== Exercise details ==
Every line from the one holding "White duck head" through the last line of the records must be retyped exactly, and no other line or picture may appear in the copy.

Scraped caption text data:
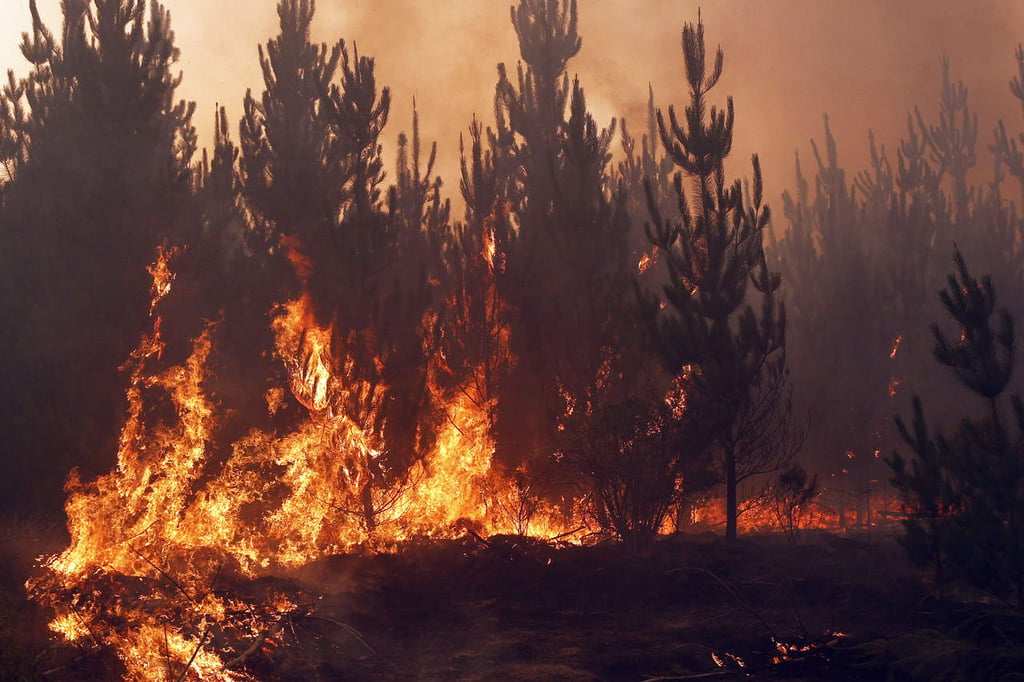 Envía México a Chile 48 expertos para combatir incendios forestales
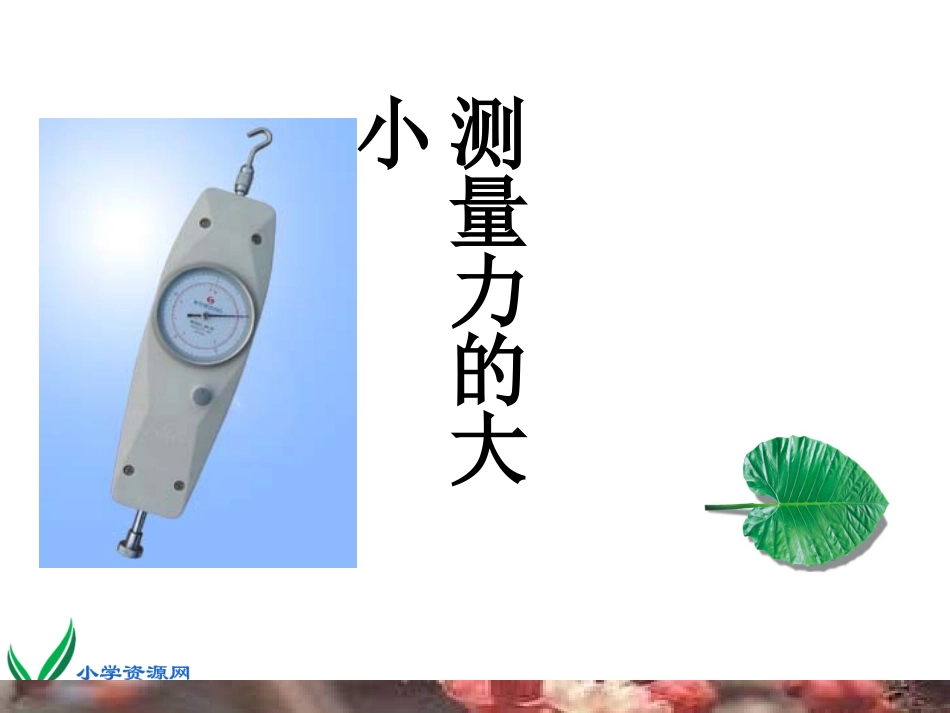 (教科版)五年级科学上册课件_测量力的大小_2_第2页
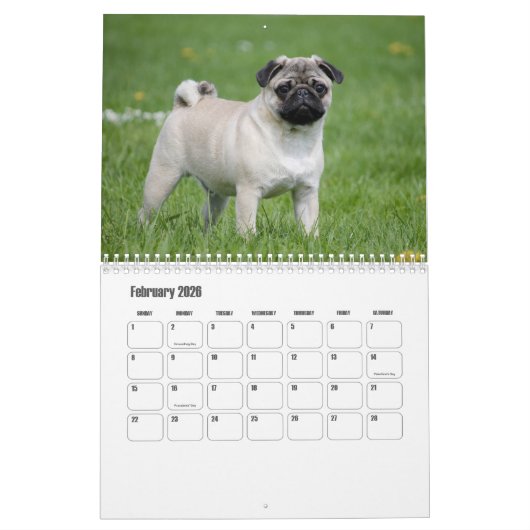 Pug Calendar Kalender (Feb 2026)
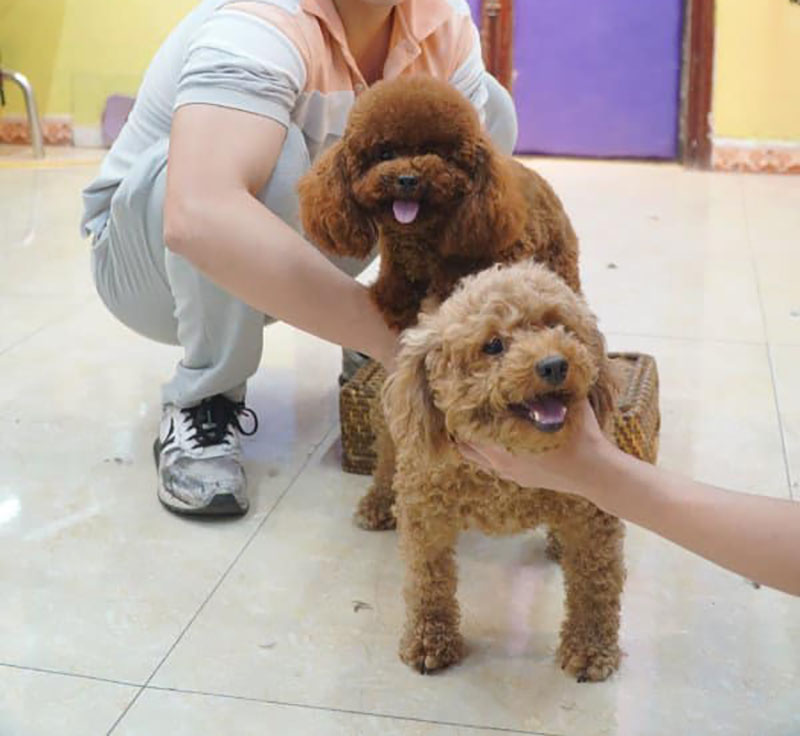 phối giống chó poodle tại hà nội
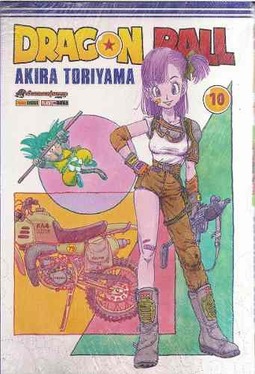 Dragon Ball Vol. 10
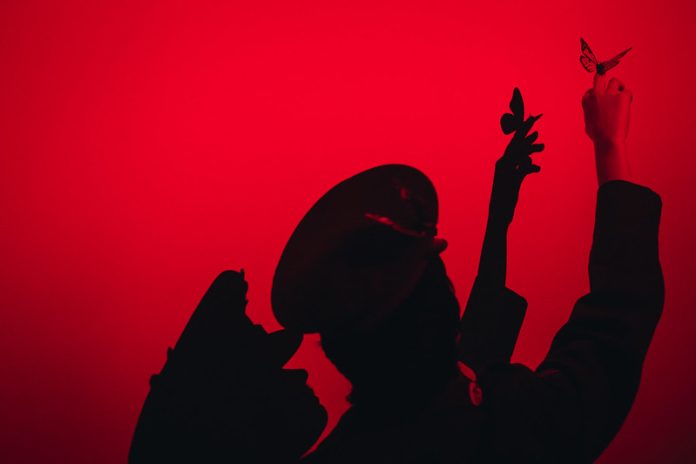 52440544645_8d1d702680_c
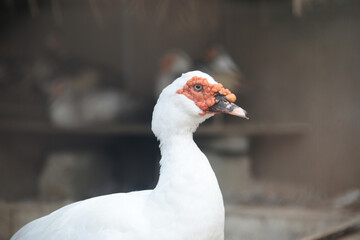 White duck head with red face, closeup, duck in zoo, portrait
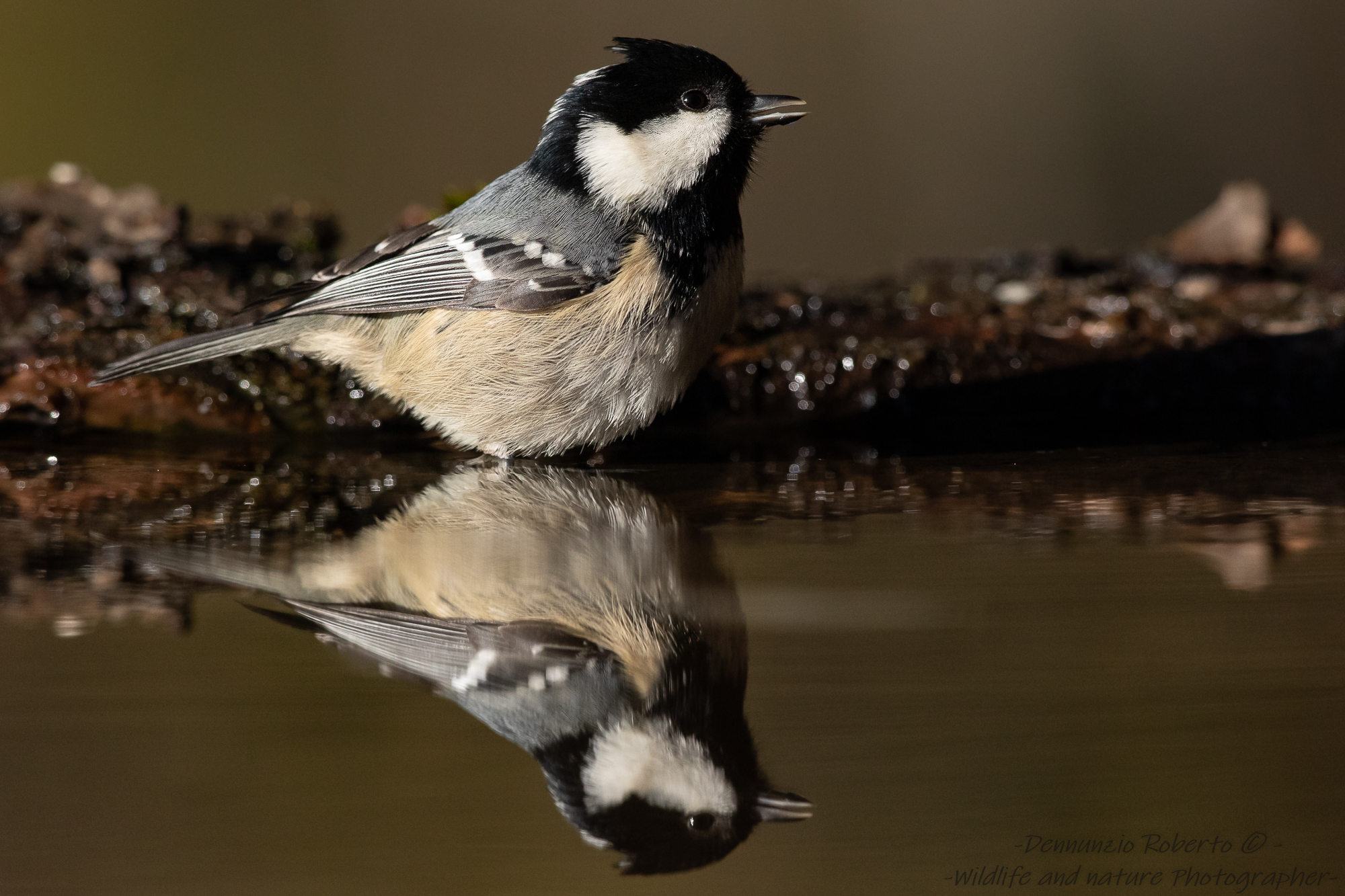 Reginetta del "bagno"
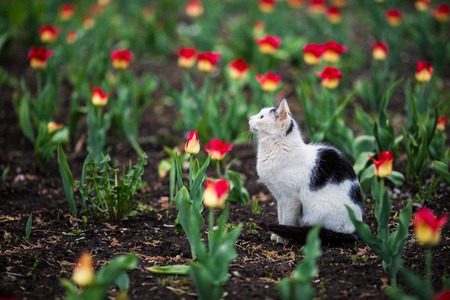 Beautiful cat sitting on the green lawn with flowers.の写真素材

== Result for this task ==
 White duck head with red face, closeup, duck in zoo, portrait
 Reginetta del "bagno"
 Beautiful cat sitting on the green lawn with flowers.の写真素材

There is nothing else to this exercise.